Overview Features Coding ApolloOS Performance Forum Downloads Products Order Contact

Welcome to the Apollo Forum

This forum is for people interested in the APOLLO CPU.
Please read the forum usage manual.
Please visit our Apollo-Discord Server for support.



All TopicsNewsPerformanceGamesDemosApolloVampireAROSWorkbenchATARIReleases
Information about the Apollo CPU and FPU.

Coding Example - SuperScalar

Philippe Flype
(Apollo Team Member)
Posts 299
10 Mar 2016 15:06


Just a short example on how end-developer can improve code on very criticals routines with superscalar feature of 68060+ CPU.

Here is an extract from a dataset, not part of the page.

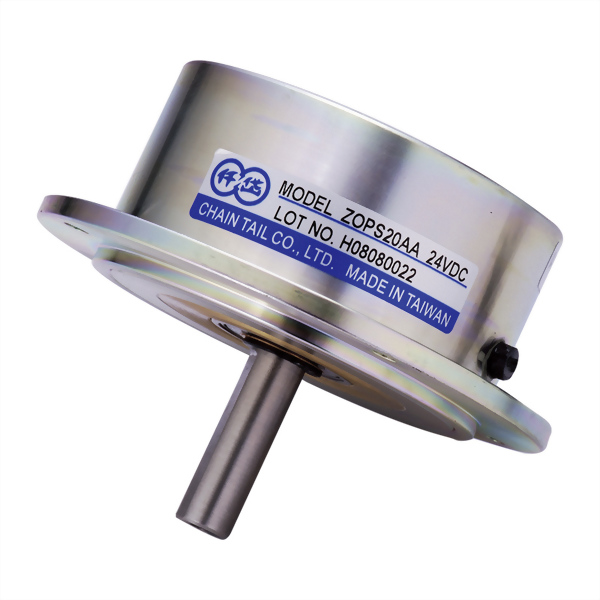 PL-H800-15 | 手動式パワーリフター スタンダードタイプ 積載荷重350～1000kg ｼｭﾄﾞｳｼｷﾘﾌﾀｰ | をくだ屋技研 |  MISUMI(ミスミ) パワーブレーキ BLTZ1-05/08/15/30/40/80/150/200DC99VDC170V ホールドブレーキ(BLTZ1-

This is not intended to be a lesson or to the yet skilled developers, and i'm not, but for beginners it can help to learn how instructions are executed when having 2 pipes ; let's see a little routine that is inside the MPEG Player RiVA by Stephen Fellner.

The player load data from disk, decode frames and render each frames on a given format (RGB16, 24, 32, YUV422). Here is the LoopX routine on the YUV conversion.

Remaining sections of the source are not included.